Excerpted data START
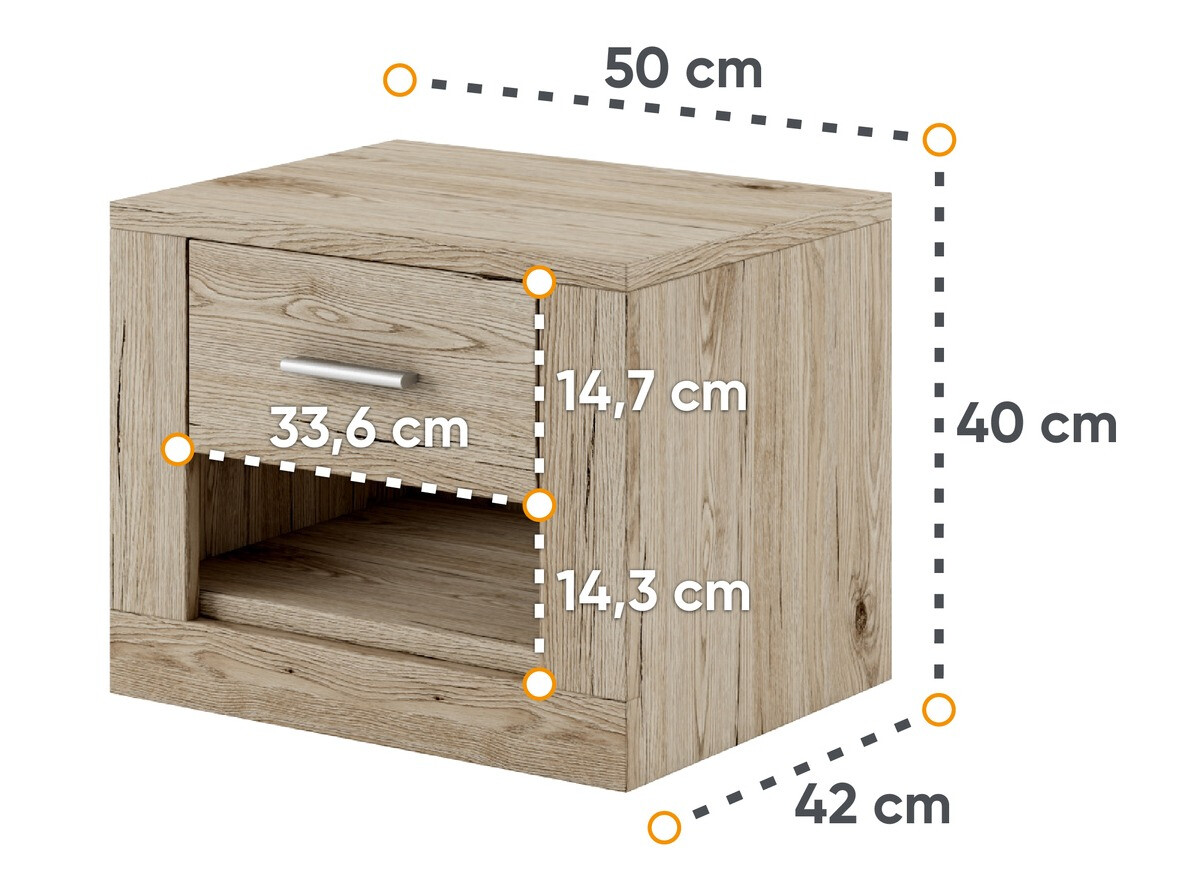 Table de chevet Cirdelu 107 (Chêne de san remo)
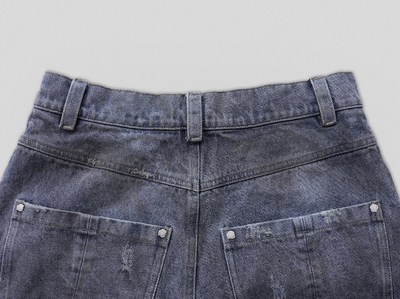 UNDERWATER Dirty Dye Damaged Splicing Baggy Jeans | Face 3 Face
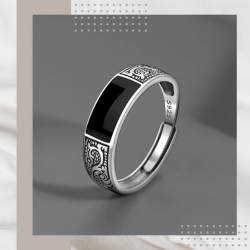 復古龍紋純銀戒指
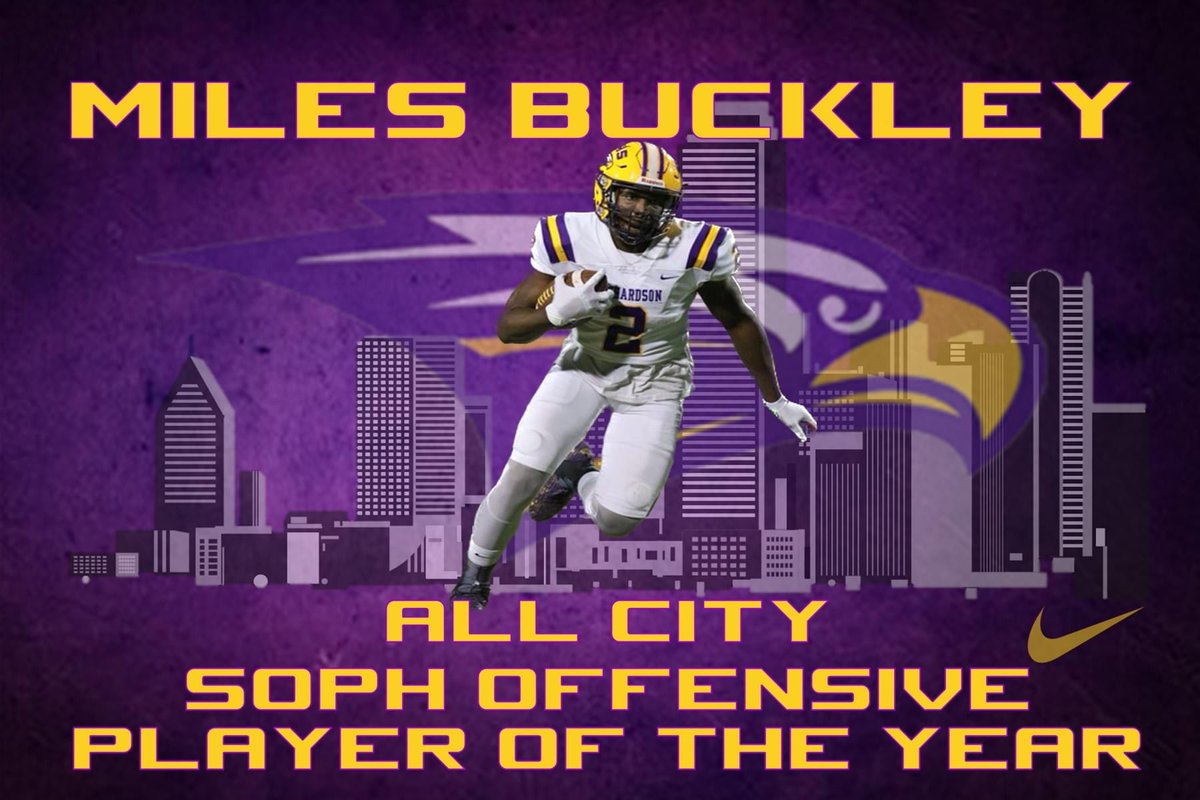 RHSABC's tweet photo. Congratulations to Miles Buckley for being named Sophomore Offensive Player of the Year for the City of Richardson!
#StayPurple https://t.co/McrtMaXNPh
Excerpted data END
# Task goal
In the records above, find the line that contains "UNDERWATER Dirty Dye". Print it and every later line exactly, omitting the pictures.

# Answer to the problem
 UNDERWATER Dirty Dye Damaged Splicing Baggy Jeans | Face 3 Face
 復古龍紋純銀戒指
 RHSABC's tweet photo. Congratulations to Miles Buckley for being named Sophomore Offensive Player of the Year for the City of Richardson!
#StayPurple https://t.co/McrtMaXNPh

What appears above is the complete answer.